Alphabet and padding

The standard alphabet is these 64 characters:

A-Z   a-z   0-9   +   /

When the input length isn't a multiple of three, the output is padded with = to reach a multiple of four characters.

Input bytesOutput charsPadding
34None
24One =
14Two ==

ASCII "Hi" (2 bytes) becomes "SGk=". Try it in Base64 Encode / Decode and you'll see exactly that.

The URL-safe variant (Base64URL)

The standard alphabet's + and / mean other things in URLs (+ is space, / is the path separator). So RFC 4648 §5 defines a URL-safe alphabet:

  • +-
  • /_
  • = padding is usually dropped so the string is safe to embed in a URL as-is

JWT's three segments use exactly this variant.

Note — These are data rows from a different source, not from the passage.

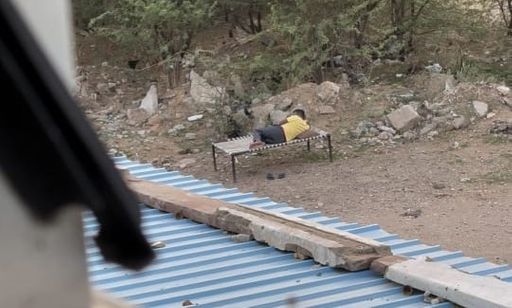 टैंकर आने के बाद एक शख्स निगरानी रखता है। अब मेहसाणा जिला दुग्ध उत्पादक सहकारी संघ लिमिटेड के केंद्र प्रभारी ने होटल मालिक सहित चार के खिलाफ मामला दर्ज करवाया है।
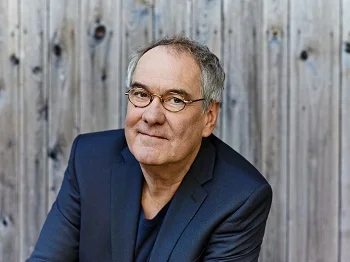 Портрет Йорг Маурер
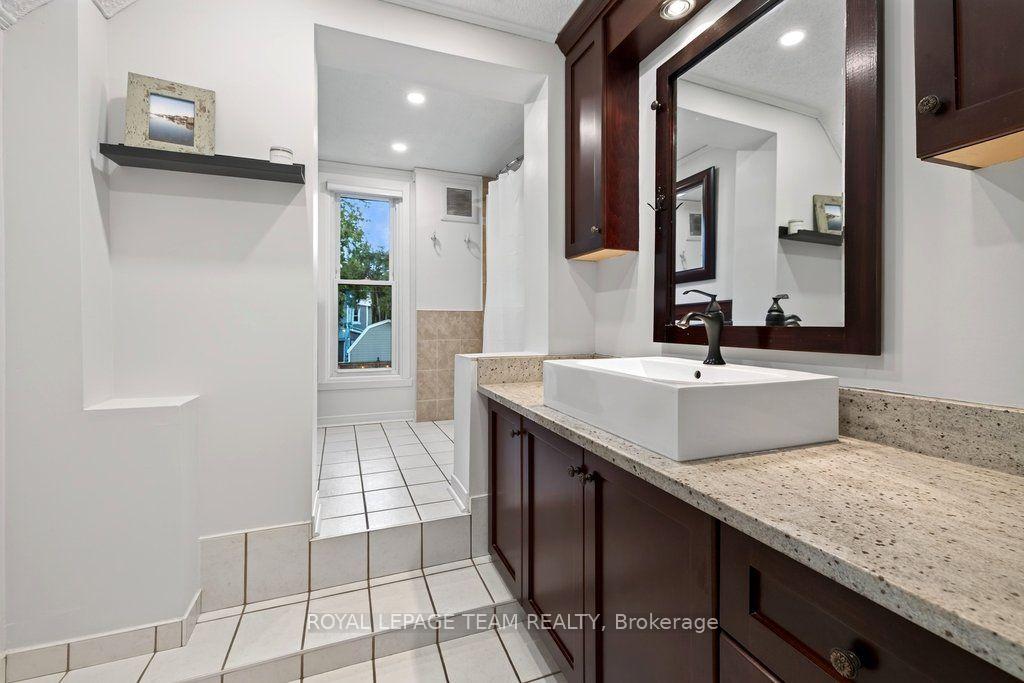 Photo 26 of 249 Hinchey Avenue, Ottawa, Hintonburg — HOMEH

If you see + or /, it's standard Base64. If you see - or _, or a length that isn't a multiple of four without =, it's Base64URL. Base64 Encode / Decode auto-detects both.

The size overhead in practice

4/3× sounds small, but inlining a megabyte image as a data URI bloats the page by 33% and tanks gzip compression — already-compressed bytes barely shrink after Base64.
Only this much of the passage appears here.